Guardo imborrables recuerdos de la Nochebuena en casa de mis padres, allá en el norte más norte de esta España. El calor reinante en la casa, la alegría que compartíamos todos los hermanos, el disfrute de la cena, la excepcionalidad de los mazapanes, las conversaciones de los mayores, los elogios al nacimiento o belén, el primer árbol de navidad que llegó a mi casa, el musgo para rodear el portal. Eran tiempos menos opulentos que los de ahora y los juguetes solo llegaban el día de Reyes. El champán se disfrazaba de sidra «El Gaitero» y nos abrigábamos para ir a la misa del Gallo a las doce de la noche, donde siempre, año tras años, sonaba el Adeste fideles. Sigue siendo uno de los momentos más bellos que recuerdo y hoy no renunciaré a reeditarlo como lo hacía en mi infancia, rodeado de todos los míos. Nunca olvidaré aquellos años de mi infancia en mi casa natal y desde entonces entendí que esa sensación de alegría no podía ni debía ser algo artificial. Era una noche excepcional porque celebrábamos algo excepcional. Todo aquello era, y sigue siendo, los elementos que realzan la fiesta más bella del calendario: la Nochebuena.

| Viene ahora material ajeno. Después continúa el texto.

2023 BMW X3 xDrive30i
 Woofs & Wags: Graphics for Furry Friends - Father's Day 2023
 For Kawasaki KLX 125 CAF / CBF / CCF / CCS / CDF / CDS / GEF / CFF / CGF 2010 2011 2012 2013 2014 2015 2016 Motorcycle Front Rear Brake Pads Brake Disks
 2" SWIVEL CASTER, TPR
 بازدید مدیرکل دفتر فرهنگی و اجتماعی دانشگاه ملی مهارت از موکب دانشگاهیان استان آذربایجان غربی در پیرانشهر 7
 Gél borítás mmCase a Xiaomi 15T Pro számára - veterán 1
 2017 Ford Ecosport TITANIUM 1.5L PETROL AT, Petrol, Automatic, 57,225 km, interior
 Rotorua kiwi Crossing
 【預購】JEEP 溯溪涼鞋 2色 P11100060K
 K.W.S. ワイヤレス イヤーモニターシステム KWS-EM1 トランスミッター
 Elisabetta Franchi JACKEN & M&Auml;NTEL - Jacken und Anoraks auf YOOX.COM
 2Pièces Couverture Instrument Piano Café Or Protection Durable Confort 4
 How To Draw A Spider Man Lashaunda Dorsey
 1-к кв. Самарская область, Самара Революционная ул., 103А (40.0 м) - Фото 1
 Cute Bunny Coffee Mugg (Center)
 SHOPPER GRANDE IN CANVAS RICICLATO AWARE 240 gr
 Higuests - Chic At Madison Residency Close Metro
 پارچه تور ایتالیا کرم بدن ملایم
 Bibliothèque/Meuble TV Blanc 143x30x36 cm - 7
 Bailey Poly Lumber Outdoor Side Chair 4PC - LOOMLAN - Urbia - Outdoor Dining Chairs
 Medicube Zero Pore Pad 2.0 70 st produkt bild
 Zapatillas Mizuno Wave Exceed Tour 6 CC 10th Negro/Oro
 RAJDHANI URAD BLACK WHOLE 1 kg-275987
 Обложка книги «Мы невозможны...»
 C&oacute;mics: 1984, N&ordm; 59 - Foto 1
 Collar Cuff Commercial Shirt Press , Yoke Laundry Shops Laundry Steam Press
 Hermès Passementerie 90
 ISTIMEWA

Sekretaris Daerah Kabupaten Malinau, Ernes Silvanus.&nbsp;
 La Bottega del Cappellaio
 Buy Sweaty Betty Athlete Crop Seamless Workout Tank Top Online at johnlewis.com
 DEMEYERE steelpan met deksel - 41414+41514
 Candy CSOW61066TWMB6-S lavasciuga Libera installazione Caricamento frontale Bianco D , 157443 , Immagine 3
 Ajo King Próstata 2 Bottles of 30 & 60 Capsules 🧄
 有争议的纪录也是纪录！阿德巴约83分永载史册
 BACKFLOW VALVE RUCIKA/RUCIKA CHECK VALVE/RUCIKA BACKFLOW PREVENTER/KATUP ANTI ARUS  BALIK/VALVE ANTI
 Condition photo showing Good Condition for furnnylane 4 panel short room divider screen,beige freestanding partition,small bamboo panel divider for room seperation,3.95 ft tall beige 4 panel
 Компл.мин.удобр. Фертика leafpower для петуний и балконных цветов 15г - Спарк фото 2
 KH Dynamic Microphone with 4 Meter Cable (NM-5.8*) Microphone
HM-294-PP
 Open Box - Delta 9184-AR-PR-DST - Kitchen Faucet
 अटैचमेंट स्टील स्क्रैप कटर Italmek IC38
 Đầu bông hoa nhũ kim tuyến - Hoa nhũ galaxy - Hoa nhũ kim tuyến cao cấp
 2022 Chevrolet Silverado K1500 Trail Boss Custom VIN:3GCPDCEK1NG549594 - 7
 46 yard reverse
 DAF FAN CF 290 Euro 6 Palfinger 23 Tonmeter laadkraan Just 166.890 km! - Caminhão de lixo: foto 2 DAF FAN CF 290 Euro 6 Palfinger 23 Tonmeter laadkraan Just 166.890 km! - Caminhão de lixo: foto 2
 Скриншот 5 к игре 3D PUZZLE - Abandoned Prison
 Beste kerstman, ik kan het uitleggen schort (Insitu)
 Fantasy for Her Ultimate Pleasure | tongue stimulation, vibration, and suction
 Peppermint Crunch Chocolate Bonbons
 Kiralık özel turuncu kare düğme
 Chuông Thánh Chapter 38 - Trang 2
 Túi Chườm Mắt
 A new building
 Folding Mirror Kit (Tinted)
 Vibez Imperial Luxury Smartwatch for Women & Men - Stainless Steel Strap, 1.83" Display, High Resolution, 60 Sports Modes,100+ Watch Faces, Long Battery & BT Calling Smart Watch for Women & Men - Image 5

La Navidad fue siempre un tiempo hermoso. Nunca renegué de ella. Entiendo a quien no le gusta esta conmemoración, pero pido para mí la misma comprensión. Aquellos años al calor de mis padres y hermanos mayores me hicieron entender que la religión que mis abuelos trasladaron a mis progenitores es la que nos ha dado la moralidad colectiva, la ética, la moral, la distinción entre el bien y el mal, el bien común, el interés general. Por eso cuando se desprecia la Navidad o se convierte en un carnaval de luces y consumismo, tal vez estamos dando pasos para que se impongan al frente de la sociedad, en la política, personas que al no creer en nada de ello, terminan arrasando con los valores, los consensos y la propia democracia, y es que la buena democracia es el amor a los demás. Por eso esta noche no es una fecha más. Feliz Navidad a todos los que con buena voluntad leen El Debate y comparten esta óptica de la vida y, por supuesto, paz para que todos, unos y otros, nos comportemos con esa misma actitud.